The plans, as explained to the council by Deputy Director of Community Services Dave Roger, fall in line with state restrictions against having water spray onto hardscapes such as sidewalks, gutters and curbs.
This means any grass area that runs up against a sidewalk, curb or gutter would have to be removed in favor of more water-friendly landscape.
The city has already done a lot of work since the restrictions were put in place in 2014—turf grass was removed and the irrigation system was updated at College Park, the lawns in front of city hall and at Shelton Park were replaced with drought-tolerant landscape and the medians on North Indian Hill Boulevard were also updated.
Mr. Roger focused on four parks in his presentation—Wheeler, June Vail, Chaparral and Memorial parks. The overall plan is to convert the turf for all parks in Claremont.

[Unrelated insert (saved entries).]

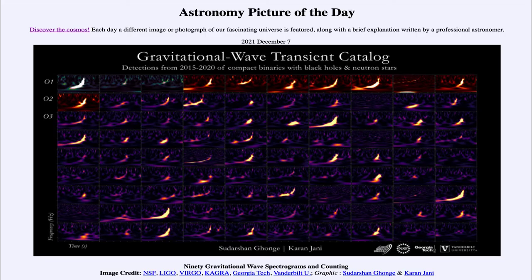Greetings and welcome to the introduction to astronomy. One of the things that I like to do in each of my introductory astronomy classes is to begin the class with the Astronomy Picture of the Day from the NASA website — that is apod.nasa.gov/apod — and today's picture for December 7th of 2021 is titled '90 Gravitational Wave Spectrograms and Counting.'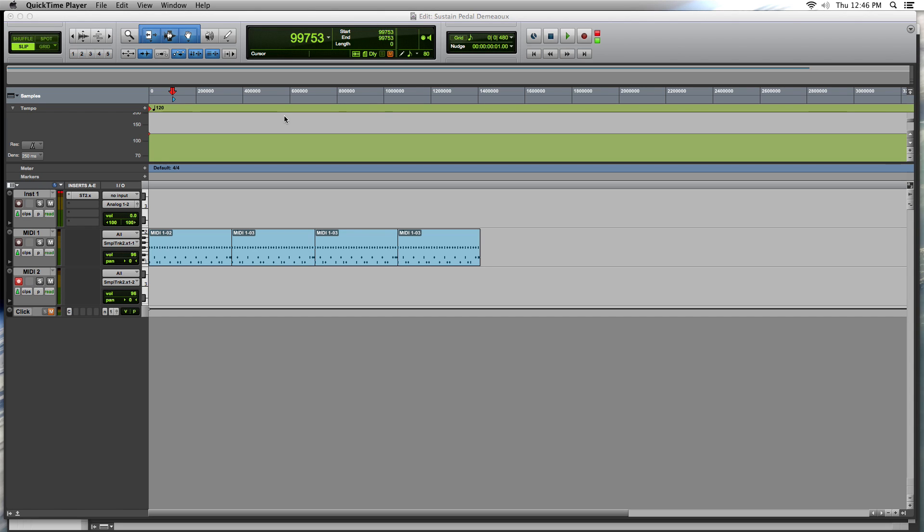Welcome back everybody. Today I want to talk about achieving the sustain pedal audio effect using MIDI in Pro Tools. Fairly simple concept, a few different ways to do it with Pro Tools.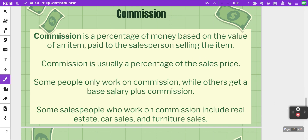The last topic in this lesson is commission. Commission is also based on percentage — it's a percent of money based on the value of an item paid to the salesperson selling that item. Commission is usually a percentage of the sales price. Some people work only on straight commission, while others receive a base salary plus a commission on top of that amount.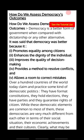As I have already told you, in a democracy setup, people make their representatives to redress and address their day-to-day issues. So, what are the democracy outcomes? How do we assess democracy outcomes?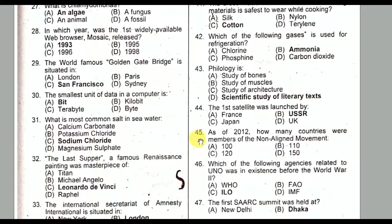Question number forty-five: As of 2012, how many countries were members of the Non-Aligned Movement? Option C is the correct option. As of May 2012, NAM consists of 120 member countries, 17 observer countries, and 10 observer organizations.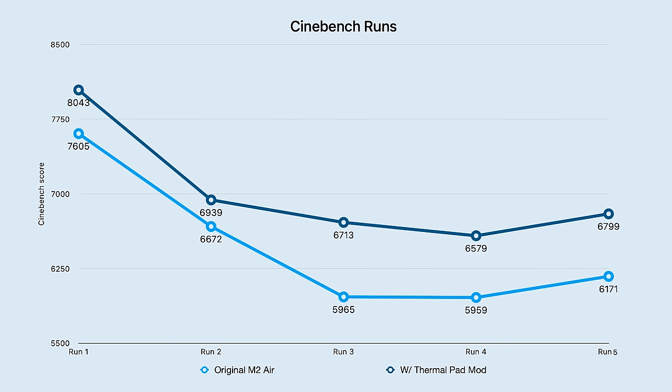You can see the modded M2 Air stayed significantly above the score of the unmodified one. There were also points where both the CPUs were around 170 or 180 degrees Fahrenheit, where it seemed like the limiting factor and cause for throttling might not have been the thermals of the CPU package, but rather other components nearby.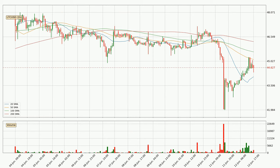Looking at the hourly simple moving averages, the price broke the 50 SMA to the downside but the volume wasn't very high, which means it is not a very strong signal. The current price is between the 20 and the 50 SMA. If the price bounces off the 20 SMA, which is currently at 44.1, it could be seen as a support, and the 50 SMA at 45.1 could be seen as a resistance to the upside. Breaking either way signals a possible further move to the corresponding direction.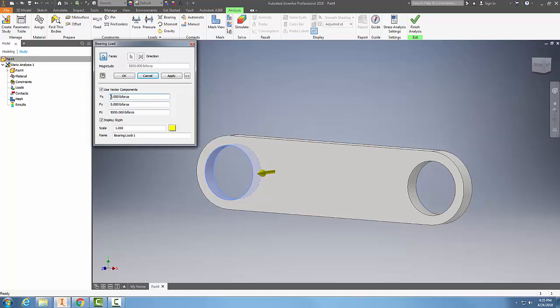I can come in here and say I want to be 5000 pounds of force down here, and you can see that it's angling that 5000 pounds of force at an angle.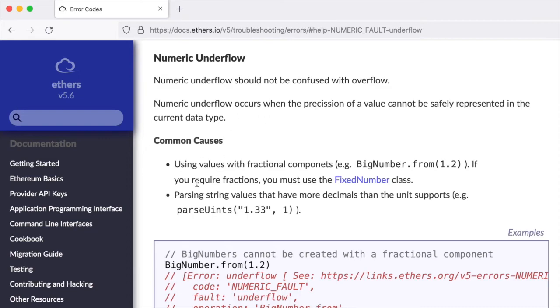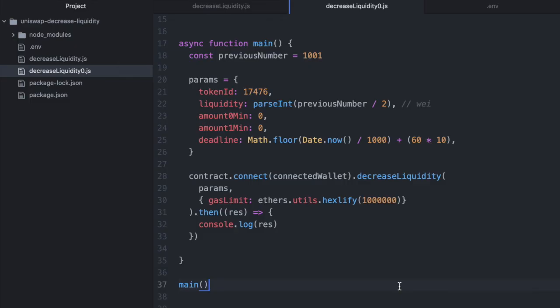The original error here says that the common causes are using values with fractional components, like having a decimal place, or parsing string values that have more decimals than the unit supports. And that's it. I hope you found that helpful.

At Wheeler Park, he suggested getting rid of the grass between the sidewalk and the monument sign in favor of a more drought-tolerant landscape, including Mexican salvia and native white sages.
“Can you imagine if the grass was gone and we went in and put in some flowering climate appropriate plant material,” Mr. Roger said. “I think that sign would just pop out.”
Similar plans were floated for Vail Park, Chaparral Park and Memorial Park, as Mr. Roger offered ideas on how to take out grass along sidewalks and curbs. The drought-tolerant landscaping would be separated just enough to allow pedestrians to walk through the area to get to the rest of the park.
The big question regarding this plan is funding. Mr. Roger explained to the council that the cost of doing this project across all parks in Claremont amounts to $1.50 to $2 per square foot—at 202,480 square feet of potential area to be converted, that amounts to a cost between $303,720 and $404,960.
There is currently no funding source, but the city is looking for grants, Mr. Roger said. He also noted that overall, this plan would save the city some money, as lower maintenance costs will allow it to eliminate one employee position which would save money on the contract.
The entire turf conversion is expected to last a few years, Mr. Roger said in the staff report.
When Mayor Opanyi Nasiali asked about possible grants, Mr. Roger said they are looking at a couple of sources, including a turf conversion grant from the Metropolitan Water District of Southern California.
The council was in favor of approving the item, rather than keeping it receive-and-file. The idea was that approving it would give city staff impetus to look for more funding sources.
Mr. Nasiali made the motion to approve the item, subject to the availability of funding.
“I think this is a great idea,” he said, adding that the motion to approve is a way of “thinking forward and planning things so we can save money and have a more beautiful city.”
The motion passed unanimously. The next city council meeting will take place on April 10.